Phoenix uses MapReduce to load large volumes of data

Source: Internet
Author: User

1. Description

In real-world scenarios there can be some format of more structured data files that need to be imported into Hbase,phoenix to provide two ways to load CSV formatted files in Phoenix's data sheet. One is the way to load small batches of data using a single-threaded psql tool, one that uses mapreduce jobs to handle large quantities of data. The first way is relatively simple here is not introduced, want to know can refer to the official documents.

Http://phoenix.apache.org/bulk_dataload.html

2. Create a table

Create a user table in the CLI interface of Phoenix.

table user (id varchar primary key,account varchar ,passwd varchar);
    • 1

3. Add test Data

Create the Data_import.txt in the "phoenix_home" directory, as follows:

001,google,am
002,baidu,bj
003,alibaba,hz

4. Execution of MapReduce

Perform Mr Jobs in the "Phoenix_home" directory (the use of commands is related to the version of PHOENIX).

$ hadoop_classpath=/usr/Local/cdh-5.2.0/hbase-0.98.6/lib/hbase-protocol-0.98.6-cdh5.2.0.jar:/usr/local/cdh-5.2.0/ Hbase-0.98.6/conf Hadoop jar Phoenix -4.2.2 -client.jar org.apache< Span class= "hljs-built_in" >.phoenix.mapreduce-t user -i file: ///usr/local/cdh-5.2.0/phoenix-4.2.2/data_import.txt-z 192.168.187.128,192.168.187.129,192.168.187.130:2181           
    • 1

The parameters mean the following table:

High-energy Warning: Hbase-protocol-0.98.6-cdh5.2.0.jar This jar package is related to the version of HBase, and if it is a different version of HBase, replace it yourself.
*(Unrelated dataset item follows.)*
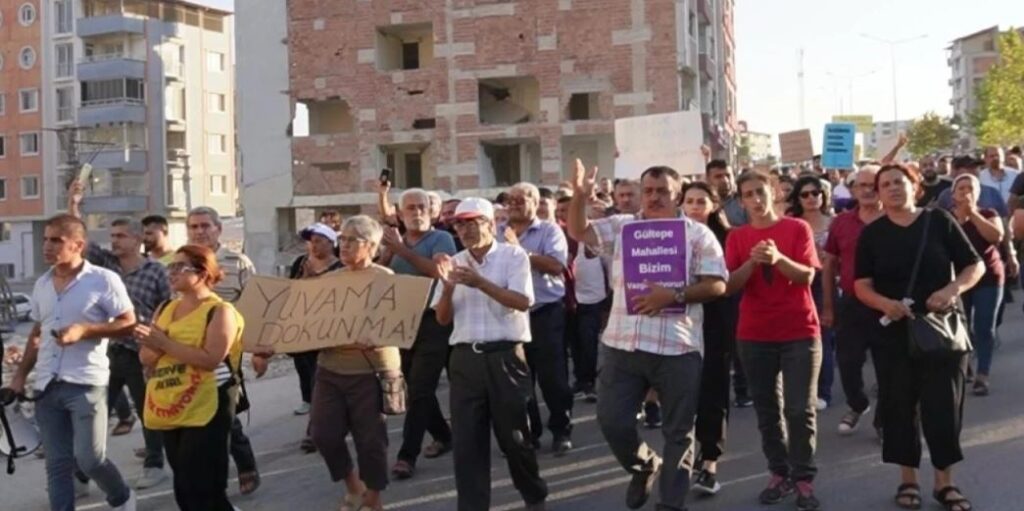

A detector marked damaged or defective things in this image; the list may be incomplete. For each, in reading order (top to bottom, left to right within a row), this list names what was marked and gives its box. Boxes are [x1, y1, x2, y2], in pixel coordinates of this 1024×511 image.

damaged building [240, 0, 736, 276]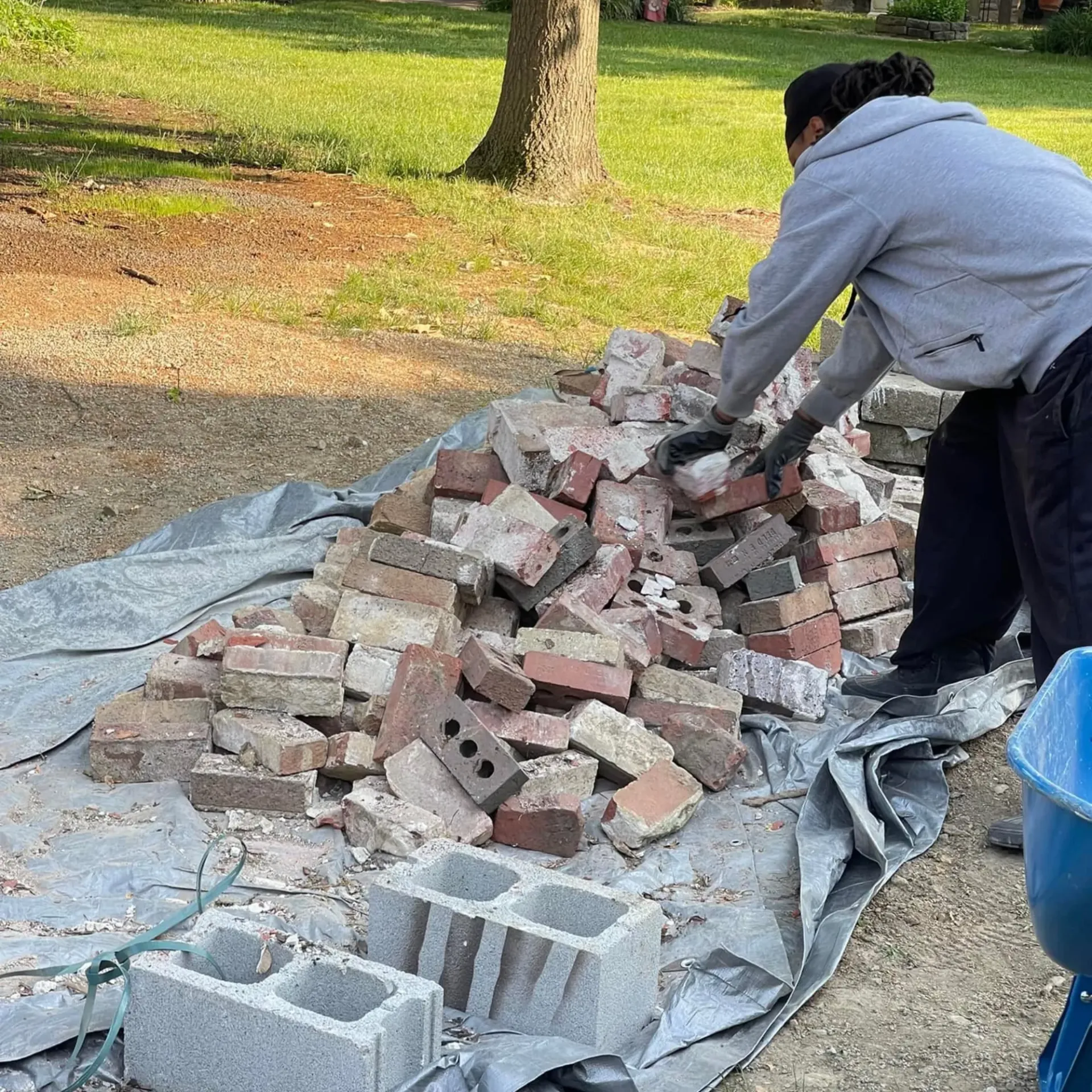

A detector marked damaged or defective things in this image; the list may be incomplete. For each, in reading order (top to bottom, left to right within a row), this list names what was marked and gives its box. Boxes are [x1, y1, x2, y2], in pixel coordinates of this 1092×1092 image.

broken brick [491, 795, 585, 860]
The path to the data file reads the HDFs file by default, forcing the addition of the prefix file:/// specified as a local file path, but the process of Mr Execution is still an error saying that the file path could not be found:

Error:java.io.FileNotFoundException:File File:/usr/local/cdh-5.2.0/phoenix-4.2.2/data_import.txt does not exist
At Org.apache.hadoop.fs.RawLocalFileSystem.deprecatedGetFileStatus (rawlocalfilesystem.java:524)
At Org.apache.hadoop.fs.RawLocalFileSystem.getFileLinkStatusInternal (rawlocalfilesystem.java:737)
At Org.apache.hadoop.fs.RawLocalFileSystem.getFileStatus (rawlocalfilesystem.java:514)
At Org.apache.hadoop.fs.FilterFileSystem.getFileStatus (filterfilesystem.java:398)
At Org.apache.hadoop.fs.checksumfilesystem$checksumfsinputchecker. (checksumfilesystem.java:140)

But the final data was successfully loaded into Phoenix.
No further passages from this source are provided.